110 Millionen Minen verseuchen 60 Staaten
Minen sind zwar billig in der Produktion und einfach zu verlegen. Sie später zu räumen ist allerdings teuer - und viele Staaten wären mit der Räumung überfordert, speziell nach Jahren von Krieg und Konflikt. 2022 hat die Staatengemeinschaft immerhin knapp eine Milliarde Dollar aufgebracht, um Minenräumung zu finanzieren. Dabei hofft Eva-Maria Fischer, "dass man eben jene Länder nicht vergisst, in denen kein aktueller Konflikt mehr herrscht, in denen aber seit Jahrzehnten Minen liegen und die auf einem guten Weg sind, diese Minen zu beseitigen - wenn sie genügend Unterstützung bekommen. Dazu gehören zum Beispiel Kambodscha und andere Länder in Südostasien. Dazu gehört auch Bosnien-Herzegowina, mitten in Europa."

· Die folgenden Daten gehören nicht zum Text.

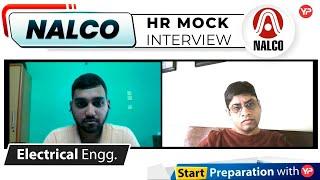 HR Mock Interview for NALCO, GET | Electrical Engg. | Start Interview Preparation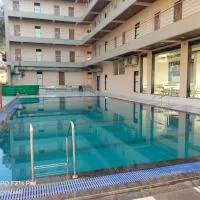 Saisha Palace Hotel, Ganpatipule: Ganpatipule şehrinde bir otel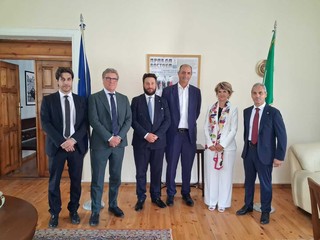 L'Università di Torino porta la laurea in infermieristica in Uzbekistan L'Università di Torino porta la laurea in infermieristica in Uzbekistan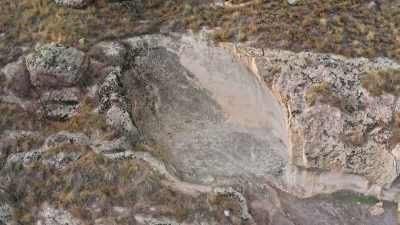 This hole in the ground - Mysteries of the Abandoned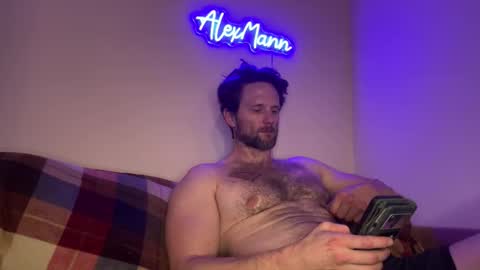 Alex Mann online show from 11/02/25, 02:03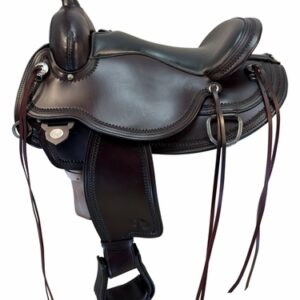 Circle Y Omaha Flex2 Trail Saddle 1554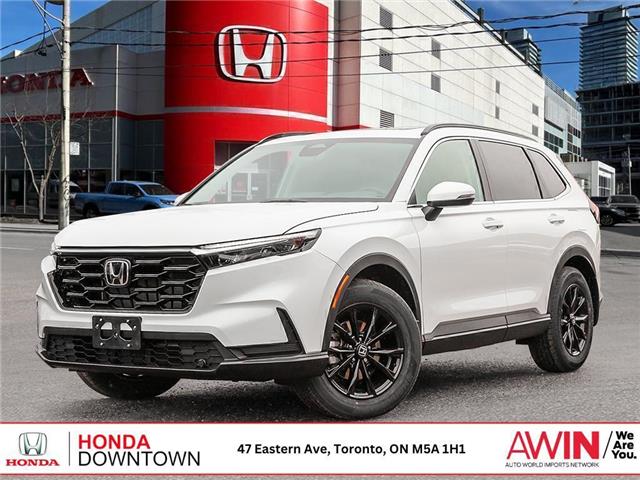 2025 Honda CR-V Sport (Stk: V25078) in Toronto - Image 1 of 22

Weltweit sind rund 60 Staaten von Landminen verseucht. Vor zwei Jahren schätzte der wissenschaftliche Dienst des Bundestages die Zahl der weltweit verlegten - und wahrscheinlich noch scharfen - Minen auf 110 Millionen. Die Zahl der Menschen, die eine Berührung mit einer Mine verstümmelt an Armen oder Beinen, erblindet oder mit Gehörverlust oder einer anderen Art von Behinderung überlebt haben, wird auf rund 500.000 geschätzt. Die Vertragsstaaten des Landminenverbots haben also noch eine Menge zu tun.